[Materials provided]:
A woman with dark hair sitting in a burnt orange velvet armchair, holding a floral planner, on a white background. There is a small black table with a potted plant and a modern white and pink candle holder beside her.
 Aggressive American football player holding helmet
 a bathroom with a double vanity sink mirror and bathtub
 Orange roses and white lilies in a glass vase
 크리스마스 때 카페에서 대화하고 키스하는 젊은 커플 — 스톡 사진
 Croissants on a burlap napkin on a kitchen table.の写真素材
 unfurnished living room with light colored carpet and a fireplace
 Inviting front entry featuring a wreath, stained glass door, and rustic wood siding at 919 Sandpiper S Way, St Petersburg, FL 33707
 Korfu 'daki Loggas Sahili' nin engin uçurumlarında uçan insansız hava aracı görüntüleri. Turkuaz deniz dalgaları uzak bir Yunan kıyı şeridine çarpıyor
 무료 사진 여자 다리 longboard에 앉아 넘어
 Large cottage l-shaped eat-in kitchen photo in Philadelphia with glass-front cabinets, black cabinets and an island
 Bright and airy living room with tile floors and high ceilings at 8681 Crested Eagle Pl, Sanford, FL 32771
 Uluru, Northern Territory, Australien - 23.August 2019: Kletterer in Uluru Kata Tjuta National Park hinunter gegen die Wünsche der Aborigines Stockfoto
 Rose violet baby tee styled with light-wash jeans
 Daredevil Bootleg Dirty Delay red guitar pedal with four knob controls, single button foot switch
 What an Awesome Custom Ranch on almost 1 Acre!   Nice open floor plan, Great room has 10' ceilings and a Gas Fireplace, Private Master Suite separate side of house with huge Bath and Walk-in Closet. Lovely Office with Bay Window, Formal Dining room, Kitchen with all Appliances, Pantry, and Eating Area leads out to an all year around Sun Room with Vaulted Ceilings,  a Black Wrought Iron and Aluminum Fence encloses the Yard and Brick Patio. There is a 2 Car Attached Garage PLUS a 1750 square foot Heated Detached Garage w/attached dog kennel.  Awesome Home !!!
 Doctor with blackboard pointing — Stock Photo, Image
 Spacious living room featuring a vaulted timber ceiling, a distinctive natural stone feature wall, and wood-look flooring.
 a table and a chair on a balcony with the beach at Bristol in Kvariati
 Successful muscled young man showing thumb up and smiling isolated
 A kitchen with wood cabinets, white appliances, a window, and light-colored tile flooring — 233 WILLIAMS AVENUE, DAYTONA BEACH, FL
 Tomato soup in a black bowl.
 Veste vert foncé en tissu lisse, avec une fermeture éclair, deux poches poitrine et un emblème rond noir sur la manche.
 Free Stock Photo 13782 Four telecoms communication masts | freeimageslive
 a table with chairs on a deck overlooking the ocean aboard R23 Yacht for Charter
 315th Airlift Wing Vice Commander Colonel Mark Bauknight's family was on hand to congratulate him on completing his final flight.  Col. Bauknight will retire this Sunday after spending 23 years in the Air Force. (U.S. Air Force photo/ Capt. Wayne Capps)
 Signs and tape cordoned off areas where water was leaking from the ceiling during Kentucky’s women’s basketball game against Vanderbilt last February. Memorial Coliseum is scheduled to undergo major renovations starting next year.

[Problem details]: Only the lines from the first one of the listing up to and including the line where "Spacious living room" appears are wanted, reproduced exactly.

[Result for this task]:
A woman with dark hair sitting in a burnt orange velvet armchair, holding a floral planner, on a white background. There is a small black table with a potted plant and a modern white and pink candle holder beside her.
 Aggressive American football player holding helmet
 a bathroom with a double vanity sink mirror and bathtub
 Orange roses and white lilies in a glass vase
 크리스마스 때 카페에서 대화하고 키스하는 젊은 커플 — 스톡 사진
 Croissants on a burlap napkin on a kitchen table.の写真素材
 unfurnished living room with light colored carpet and a fireplace
 Inviting front entry featuring a wreath, stained glass door, and rustic wood siding at 919 Sandpiper S Way, St Petersburg, FL 33707
 Korfu 'daki Loggas Sahili' nin engin uçurumlarında uçan insansız hava aracı görüntüleri. Turkuaz deniz dalgaları uzak bir Yunan kıyı şeridine çarpıyor
 무료 사진 여자 다리 longboard에 앉아 넘어
 Large cottage l-shaped eat-in kitchen photo in Philadelphia with glass-front cabinets, black cabinets and an island
 Bright and airy living room with tile floors and high ceilings at 8681 Crested Eagle Pl, Sanford, FL 32771
 Uluru, Northern Territory, Australien - 23.August 2019: Kletterer in Uluru Kata Tjuta National Park hinunter gegen die Wünsche der Aborigines Stockfoto
 Rose violet baby tee styled with light-wash jeans
 Daredevil Bootleg Dirty Delay red guitar pedal with four knob controls, single button foot switch
 What an Awesome Custom Ranch on almost 1 Acre!   Nice open floor plan, Great room has 10' ceilings and a Gas Fireplace, Private Master Suite separate side of house with huge Bath and Walk-in Closet. Lovely Office with Bay Window, Formal Dining room, Kitchen with all Appliances, Pantry, and Eating Area leads out to an all year around Sun Room with Vaulted Ceilings,  a Black Wrought Iron and Aluminum Fence encloses the Yard and Brick Patio. There is a 2 Car Attached Garage PLUS a 1750 square foot Heated Detached Garage w/attached dog kennel.  Awesome Home !!!
 Doctor with blackboard pointing — Stock Photo, Image
 Spacious living room featuring a vaulted timber ceiling, a distinctive natural stone feature wall, and wood-look flooring.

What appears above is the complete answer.